Yenik düşse dahi sert rüzgarlara, yine yeniden ayağa kalkmayı başarabilmeli çoğu zaman. Hani derler ya yere düşsen dahi bir avuç toprak ile ayağa kalkacaksın, o misal . Başına gelenleri kabullenip düştüğün yerde kalmak yerine bütün bu olanlardan ders çıkarıp eskisinden daha güçlü ayağa kalkmalısın yeniden. Küllerinden yeniden doğmak dedikleri bu olsa gerek.
Hayat adını verdiğimiz bu yolda emin adımlarla ilerlersen ne rüzgarlar ne de fırtınalar düşürebilir seni. Çünkü bir amacın var ve ne istediğini biliyorsun. O amaç uğruna yürüdüğün tüm yollar seni istediğine kavuşturmak için iş birliği yapacak. Elbette bu yollar yokuş aşağı olmayacak. Öncelikle o yokuşu gerek koşarak gerekse tırnaklarınla kazıyarak çıkacaksın. Martin Luther King: “Uçamazsan koş, koşamazsan yürü, yürüyemezsen sürün. Ama ne yaparsan yap ilerlemek zorundasın.” Sözü aslında tüm bu yazılanları özetliyor gibi.

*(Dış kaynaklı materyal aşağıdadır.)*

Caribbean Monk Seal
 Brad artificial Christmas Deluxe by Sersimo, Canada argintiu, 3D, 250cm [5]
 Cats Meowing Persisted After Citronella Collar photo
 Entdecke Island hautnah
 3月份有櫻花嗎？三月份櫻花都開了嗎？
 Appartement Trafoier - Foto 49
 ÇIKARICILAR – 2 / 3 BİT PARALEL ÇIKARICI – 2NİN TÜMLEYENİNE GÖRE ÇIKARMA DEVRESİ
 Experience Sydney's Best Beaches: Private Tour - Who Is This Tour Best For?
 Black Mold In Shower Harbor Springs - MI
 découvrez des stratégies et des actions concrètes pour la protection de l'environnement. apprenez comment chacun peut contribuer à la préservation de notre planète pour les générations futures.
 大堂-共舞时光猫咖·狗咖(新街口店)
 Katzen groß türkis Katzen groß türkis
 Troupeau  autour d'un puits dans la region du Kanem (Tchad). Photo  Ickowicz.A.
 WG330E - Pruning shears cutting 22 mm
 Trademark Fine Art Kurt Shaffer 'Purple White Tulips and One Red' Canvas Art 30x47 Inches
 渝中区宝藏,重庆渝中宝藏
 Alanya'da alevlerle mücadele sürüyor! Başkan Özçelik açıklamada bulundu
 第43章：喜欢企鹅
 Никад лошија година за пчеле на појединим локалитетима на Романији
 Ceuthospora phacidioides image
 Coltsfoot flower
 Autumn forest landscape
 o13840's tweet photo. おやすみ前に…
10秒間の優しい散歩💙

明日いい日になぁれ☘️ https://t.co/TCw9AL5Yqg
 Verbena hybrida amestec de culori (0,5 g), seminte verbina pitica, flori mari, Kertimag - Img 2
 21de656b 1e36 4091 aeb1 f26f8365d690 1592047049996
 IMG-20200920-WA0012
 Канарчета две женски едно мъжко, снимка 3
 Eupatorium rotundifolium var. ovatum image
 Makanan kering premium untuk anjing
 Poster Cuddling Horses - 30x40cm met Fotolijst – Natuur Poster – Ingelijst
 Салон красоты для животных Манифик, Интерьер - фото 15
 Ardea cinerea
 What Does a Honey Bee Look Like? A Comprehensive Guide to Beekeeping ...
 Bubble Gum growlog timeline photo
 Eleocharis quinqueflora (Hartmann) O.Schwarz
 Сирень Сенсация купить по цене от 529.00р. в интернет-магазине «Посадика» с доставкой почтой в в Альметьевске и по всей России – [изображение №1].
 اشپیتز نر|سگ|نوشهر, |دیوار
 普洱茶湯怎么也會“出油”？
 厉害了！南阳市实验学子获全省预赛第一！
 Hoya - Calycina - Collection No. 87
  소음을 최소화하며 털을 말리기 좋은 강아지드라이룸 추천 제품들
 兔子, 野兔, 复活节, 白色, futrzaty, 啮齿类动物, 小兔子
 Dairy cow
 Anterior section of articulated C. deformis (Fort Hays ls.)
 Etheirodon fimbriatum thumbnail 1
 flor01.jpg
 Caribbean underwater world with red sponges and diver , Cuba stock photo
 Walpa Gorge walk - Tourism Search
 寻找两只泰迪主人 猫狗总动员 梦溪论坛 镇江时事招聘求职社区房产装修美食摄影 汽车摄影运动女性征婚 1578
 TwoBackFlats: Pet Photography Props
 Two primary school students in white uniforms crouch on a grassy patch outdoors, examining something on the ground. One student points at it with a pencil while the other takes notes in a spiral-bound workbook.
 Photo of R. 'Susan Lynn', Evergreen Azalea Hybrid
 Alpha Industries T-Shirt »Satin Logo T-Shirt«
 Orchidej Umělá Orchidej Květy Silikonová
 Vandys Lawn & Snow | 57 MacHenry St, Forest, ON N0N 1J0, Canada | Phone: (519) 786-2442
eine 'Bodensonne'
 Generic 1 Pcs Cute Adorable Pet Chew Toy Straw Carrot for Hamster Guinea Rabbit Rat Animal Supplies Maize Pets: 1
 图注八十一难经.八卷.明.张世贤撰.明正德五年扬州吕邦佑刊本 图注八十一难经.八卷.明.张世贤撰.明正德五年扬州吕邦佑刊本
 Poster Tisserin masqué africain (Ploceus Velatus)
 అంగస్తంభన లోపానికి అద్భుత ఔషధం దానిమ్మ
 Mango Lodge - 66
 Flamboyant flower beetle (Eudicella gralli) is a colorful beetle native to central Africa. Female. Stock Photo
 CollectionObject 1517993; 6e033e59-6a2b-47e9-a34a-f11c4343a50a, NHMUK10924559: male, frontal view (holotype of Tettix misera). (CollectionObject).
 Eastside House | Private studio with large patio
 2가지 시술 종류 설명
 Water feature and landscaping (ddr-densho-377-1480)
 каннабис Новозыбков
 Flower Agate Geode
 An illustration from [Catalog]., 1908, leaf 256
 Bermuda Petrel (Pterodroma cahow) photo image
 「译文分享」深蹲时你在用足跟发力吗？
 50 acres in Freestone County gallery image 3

Belirsizlik, kararsızlık, ertelemecilik gibi davranışlar amaca ulaşmayı engelleyen tuzaklardan sadece birkaçıdır. Bu tuzaklara düşmemek için harekete geçmek gerekir. Yarın değil, hemen şimdi. Çünkü yarın çok geç olabilir. Acaba değil, belki değil; o mu bu mu değil. O!
Ne istediğini bilen bir insan bu kez sağa sola savrulan bir yaprak değil, nereye estiği belli olan rüzgar olacak. Bu kez roller değişecek ve bir rüzgar gibi esip geçen, ne istediğini bilen bir insanın öyküsü başlayacak. Kalem de sensin, kağıt da sensin. İyi bir yazar olmak senin elinde.